Ya tidak sampai 5 menit dia sudah keluar tanpa memakai baju, lalu kembali tidur.
.....
Akhirnya, kehidupanku normal saja setelah kelahiran. Seperti ibu-ibu rumah tangga lainnya yang mengurus keluarga dan rumah. Aku tidak menyangka akan seperti ini, tapi aku bersyukur, mengingat semua yang pernah kulakukan selama aku lajang, rasanya ini sulit dicapai.
Kebahagiaan ini, rasanya begitu tidak nyata, tapi sekali lagi, aku sangat bersyukur atas apa yang telah terjadi. Kedua anakku, pertama laki-laki, Mama Hana memberinya nama Vino. 10 menit kemudian, anak keduaku lahir, tanpa basa-basi, Mama Zara memberinya nama Vani.
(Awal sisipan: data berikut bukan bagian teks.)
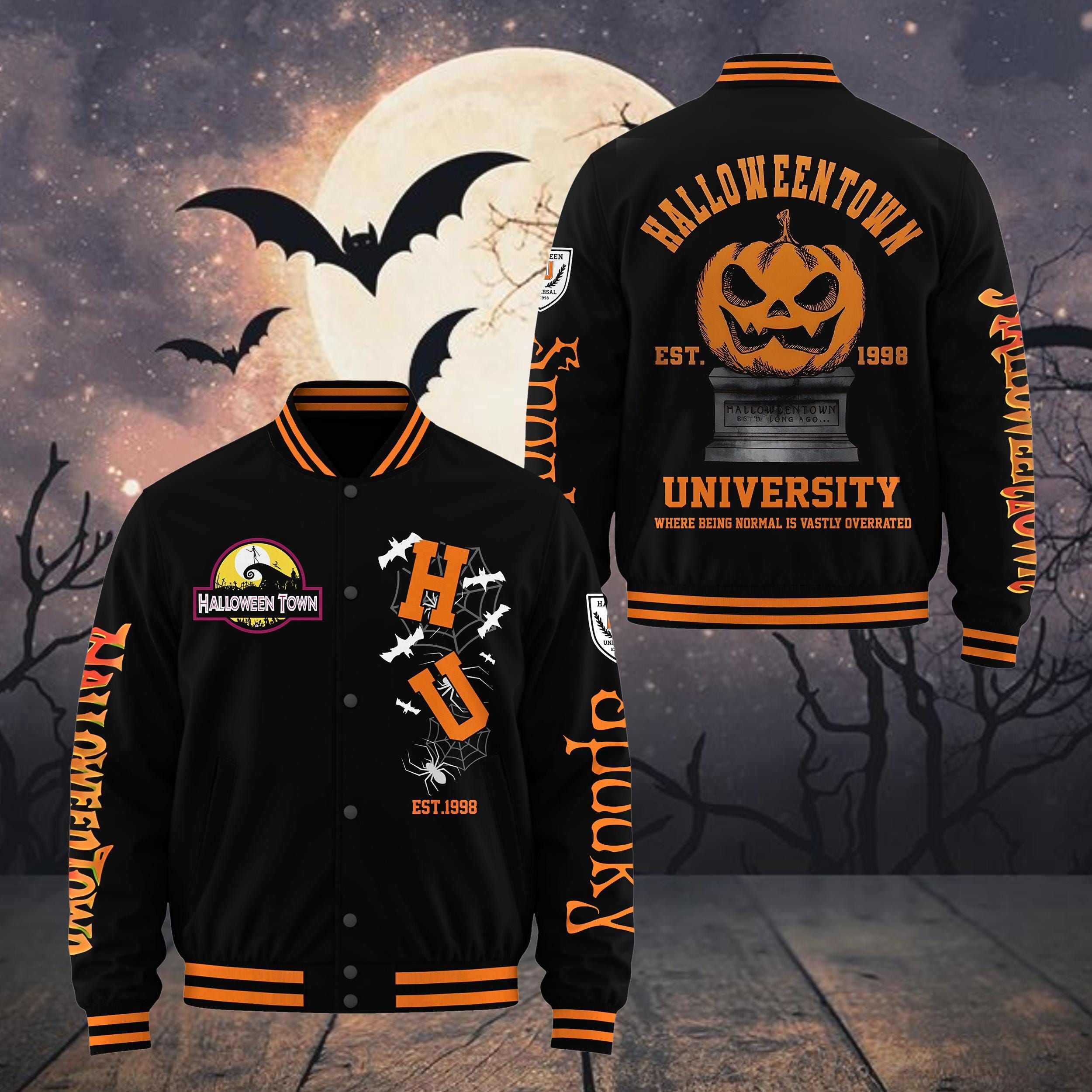 Halloweentown University Baseball Jacket Funny Halloween Shirt Spooky Season Apparel Halloween Pumpkin Tee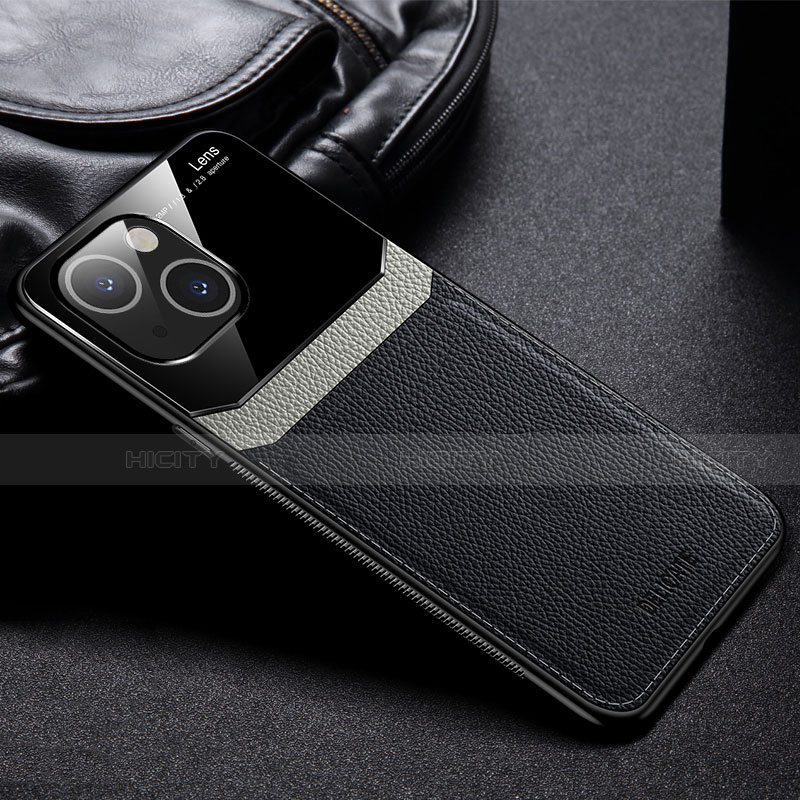 Funda Silicona Goma de Cuero Carcasa Z02 para Apple iPhone 15 Negro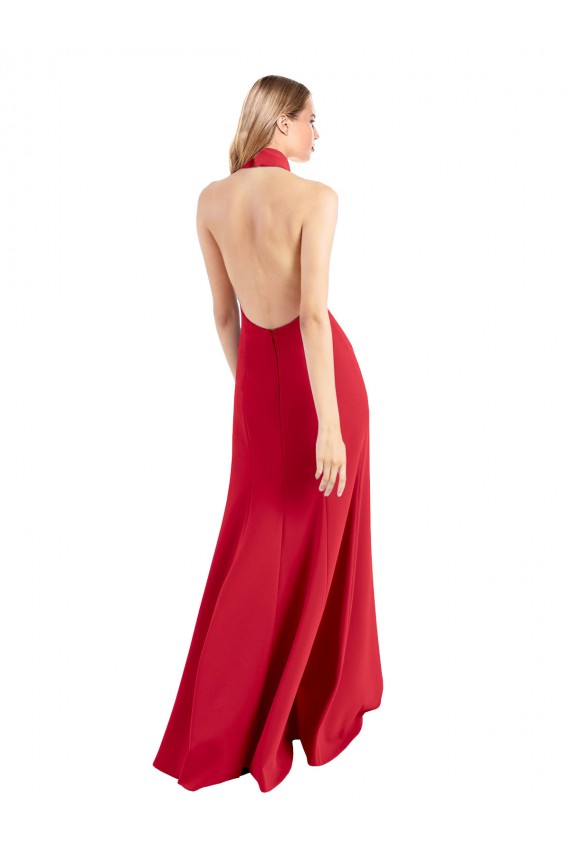 Acquista Rosso Linea A Capestro Alto Collo Crespo Elastico Lunga Formali Abiti da damigella donore / Abiti da sera / Abiti da ballo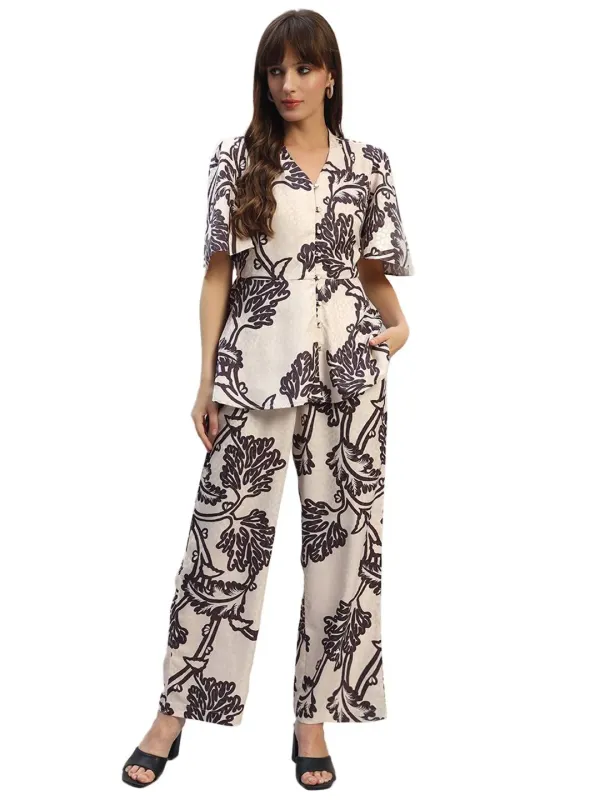 Cantabil Women's Printed Beige V-Neck Half Sleeves Co-ord-Set M - image 3
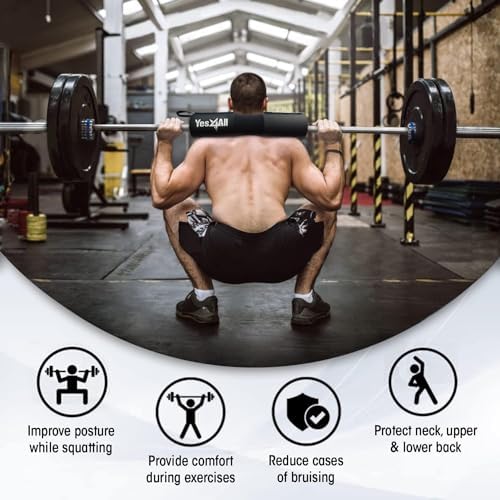 Yes4All Ergonomic Foam Bar Pad - Olympic Barbell Squat Pad - Athletes for Gym Workouts - Moisture-Wicking Padding - 6" x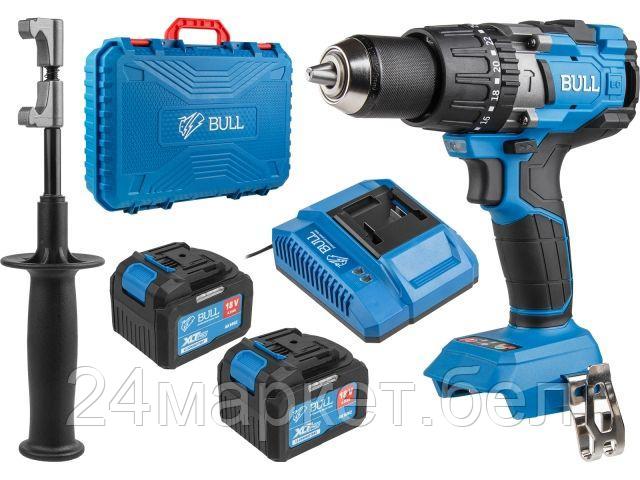 Аккум. дрель-шуруповерт BULL SR 1805 в чем. XLTpro, 2х6 А*ч, БЕСЩЕТ., 18 В, 120 Н*м, БЗП(мет.) 13 мм (Доп. функции: Ударное сверление, "AntiKickback", 1329604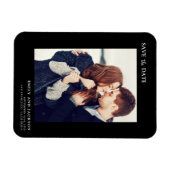 Modern Elegant Save the Date Foto Zwart Magneet (Horizontaal)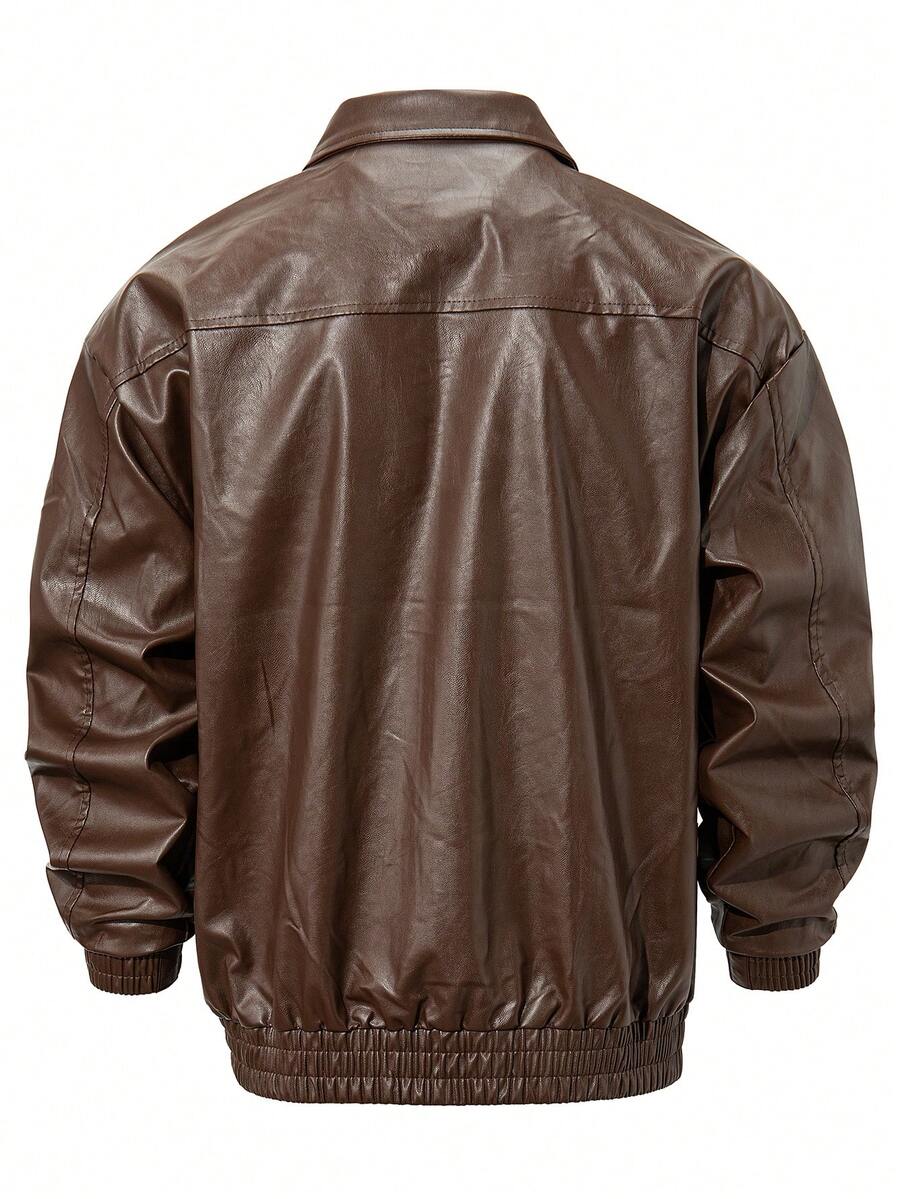 Men's Casual Loose Fit Business Leather Jacket, Fall/Winter
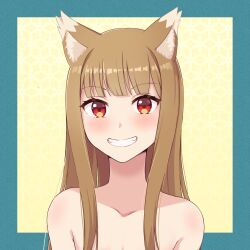 Rule 34 | 1girl, animal ear fluff, animal ears, aqua border, bare shoulders, blunt bangs, blush, border, bright pupils, brown hair, close-up, collarbone, commentary, eyelashes, fangs, grin, happy, holo, long hair, looking at viewer, red eyes, sidelocks, simple background, smile, solo, spice and wolf, straight hair, tsurime, umibato, wolf ears, wolf girl, yellow background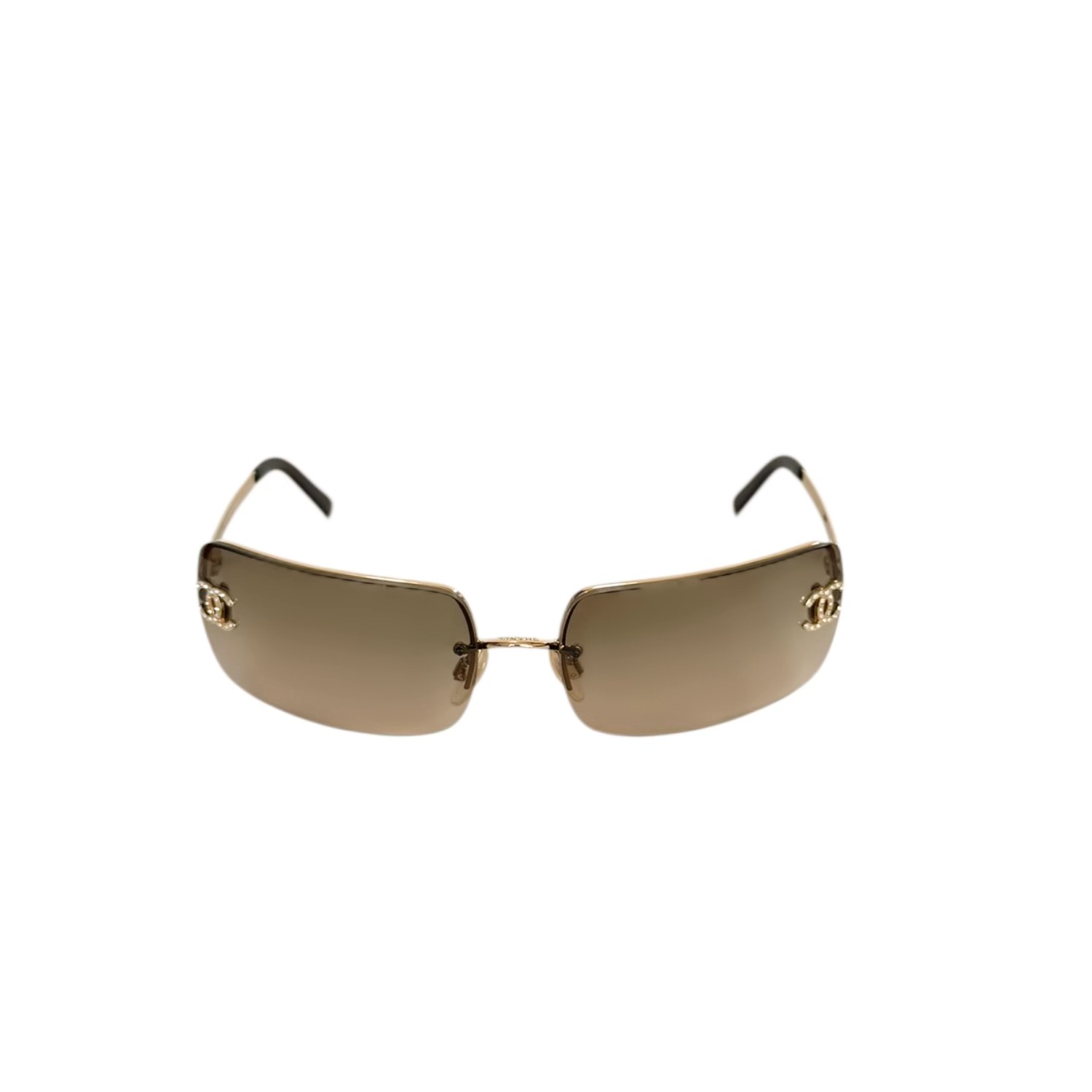 Chanel Diamante Logo Rimless Sunglasses in Brown / Gold - Image 2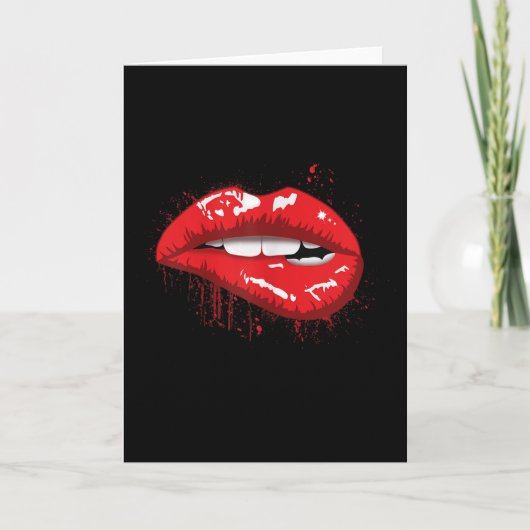 Red Lips Kiss Girl T Shirt Birthday Christmas Gift Karte (Vorderseite)
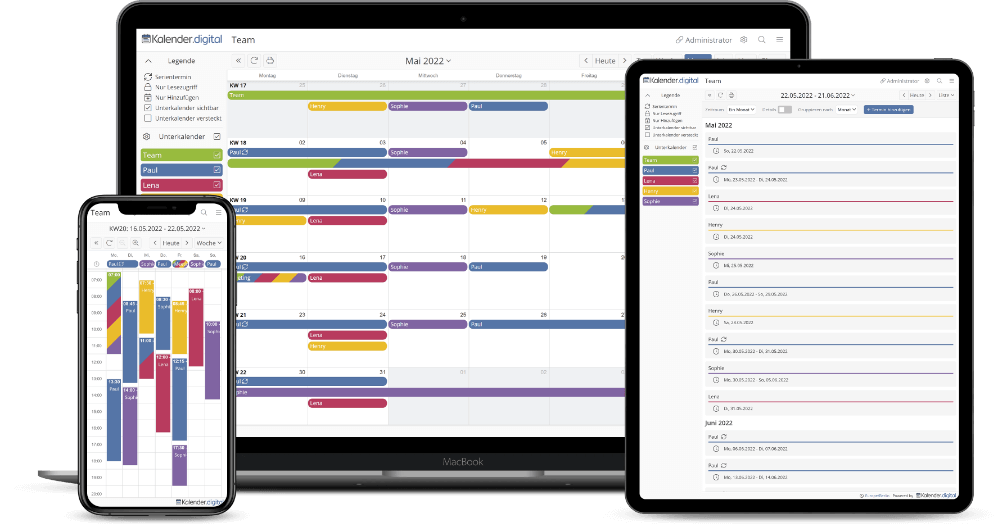 Online Kalender für Teams und Gruppen - Kalender.digital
Aku yang sedang tidak memikirkan nama pun hanya menyetujuinya, lagi pula itu sudah bagus.
The end
.......
Holaa readers 😃😃
Finally i have to finish this novel🥳🥳. It's like dream😫
Aku ga rela sih, secara ini novel pertama aku, di Noveltoon, sekaligus di kehidupanku. Hehe. Tapi ya mau gimana? Kalo disambungin terus, udah mentok. Lagian tugas author juga udah makin numpuk.
I wanna say THANK YOU SO MUCH FOR ROYAL AND LOYAL READERS. Without you all, aku ga ada apa-apanya. Makasi udah nungguin, makasi, pokoknya makasi.